● Short web captions
-.-.-

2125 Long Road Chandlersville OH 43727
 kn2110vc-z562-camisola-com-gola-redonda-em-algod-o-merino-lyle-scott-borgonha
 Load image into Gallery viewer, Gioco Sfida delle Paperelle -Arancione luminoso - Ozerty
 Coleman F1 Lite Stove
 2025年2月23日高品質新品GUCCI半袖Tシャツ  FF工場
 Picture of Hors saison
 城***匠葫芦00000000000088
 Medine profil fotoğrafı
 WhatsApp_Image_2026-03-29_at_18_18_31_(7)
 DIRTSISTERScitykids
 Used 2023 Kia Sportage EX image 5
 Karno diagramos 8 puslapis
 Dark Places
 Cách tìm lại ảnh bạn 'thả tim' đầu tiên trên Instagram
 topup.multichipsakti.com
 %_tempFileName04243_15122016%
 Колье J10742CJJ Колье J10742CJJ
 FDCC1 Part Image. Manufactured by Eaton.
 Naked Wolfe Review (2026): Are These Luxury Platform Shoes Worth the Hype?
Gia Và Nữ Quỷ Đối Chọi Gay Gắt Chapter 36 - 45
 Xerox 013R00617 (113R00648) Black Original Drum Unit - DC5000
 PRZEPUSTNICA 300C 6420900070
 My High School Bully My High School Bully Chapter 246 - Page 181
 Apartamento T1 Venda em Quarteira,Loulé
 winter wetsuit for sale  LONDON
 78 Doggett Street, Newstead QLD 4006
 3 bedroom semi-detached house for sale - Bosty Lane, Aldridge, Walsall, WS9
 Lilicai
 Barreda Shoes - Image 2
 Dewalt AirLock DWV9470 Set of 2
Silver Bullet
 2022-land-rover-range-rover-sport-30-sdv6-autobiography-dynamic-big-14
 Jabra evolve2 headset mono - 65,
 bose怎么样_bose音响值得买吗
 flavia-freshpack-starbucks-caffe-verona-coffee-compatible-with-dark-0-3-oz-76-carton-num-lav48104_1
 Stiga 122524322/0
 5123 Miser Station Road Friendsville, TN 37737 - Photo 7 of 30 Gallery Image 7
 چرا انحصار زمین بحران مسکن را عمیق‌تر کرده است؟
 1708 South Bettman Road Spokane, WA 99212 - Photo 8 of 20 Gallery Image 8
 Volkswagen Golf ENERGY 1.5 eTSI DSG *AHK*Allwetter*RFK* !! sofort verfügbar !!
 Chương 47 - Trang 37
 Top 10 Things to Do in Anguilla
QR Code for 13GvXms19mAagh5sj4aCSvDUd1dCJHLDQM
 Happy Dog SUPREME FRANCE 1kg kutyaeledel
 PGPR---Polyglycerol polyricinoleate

-.-.-

● What to work on
Reproduce all the records precisely.

● Answer space
2125 Long Road Chandlersville OH 43727
 kn2110vc-z562-camisola-com-gola-redonda-em-algod-o-merino-lyle-scott-borgonha
 Load image into Gallery viewer, Gioco Sfida delle Paperelle -Arancione luminoso - Ozerty
 Coleman F1 Lite Stove
 2025年2月23日高品質新品GUCCI半袖Tシャツ  FF工場
 Picture of Hors saison
 城***匠葫芦00000000000088
 Medine profil fotoğrafı
 WhatsApp_Image_2026-03-29_at_18_18_31_(7)
 DIRTSISTERScitykids
 Used 2023 Kia Sportage EX image 5
 Karno diagramos 8 puslapis
 Dark Places
 Cách tìm lại ảnh bạn 'thả tim' đầu tiên trên Instagram
 topup.multichipsakti.com
 %_tempFileName04243_15122016%
 Колье J10742CJJ Колье J10742CJJ
 FDCC1 Part Image. Manufactured by Eaton.
 Naked Wolfe Review (2026): Are These Luxury Platform Shoes Worth the Hype?
Gia Và Nữ Quỷ Đối Chọi Gay Gắt Chapter 36 - 45
 Xerox 013R00617 (113R00648) Black Original Drum Unit - DC5000
 PRZEPUSTNICA 300C 6420900070
 My High School Bully My High School Bully Chapter 246 - Page 181
 Apartamento T1 Venda em Quarteira,Loulé
 winter wetsuit for sale  LONDON
 78 Doggett Street, Newstead QLD 4006
 3 bedroom semi-detached house for sale - Bosty Lane, Aldridge, Walsall, WS9
 Lilicai
 Barreda Shoes - Image 2
 Dewalt AirLock DWV9470 Set of 2
Silver Bullet
 2022-land-rover-range-rover-sport-30-sdv6-autobiography-dynamic-big-14
 Jabra evolve2 headset mono - 65,
 bose怎么样_bose音响值得买吗
 flavia-freshpack-starbucks-caffe-verona-coffee-compatible-with-dark-0-3-oz-76-carton-num-lav48104_1
 Stiga 122524322/0
 5123 Miser Station Road Friendsville, TN 37737 - Photo 7 of 30 Gallery Image 7
 چرا انحصار زمین بحران مسکن را عمیق‌تر کرده است؟
 1708 South Bettman Road Spokane, WA 99212 - Photo 8 of 20 Gallery Image 8
 Volkswagen Golf ENERGY 1.5 eTSI DSG *AHK*Allwetter*RFK* !! sofort verfügbar !!
 Chương 47 - Trang 37
 Top 10 Things to Do in Anguilla
QR Code for 13GvXms19mAagh5sj4aCSvDUd1dCJHLDQM
 Happy Dog SUPREME FRANCE 1kg kutyaeledel
 PGPR---Polyglycerol polyricinoleate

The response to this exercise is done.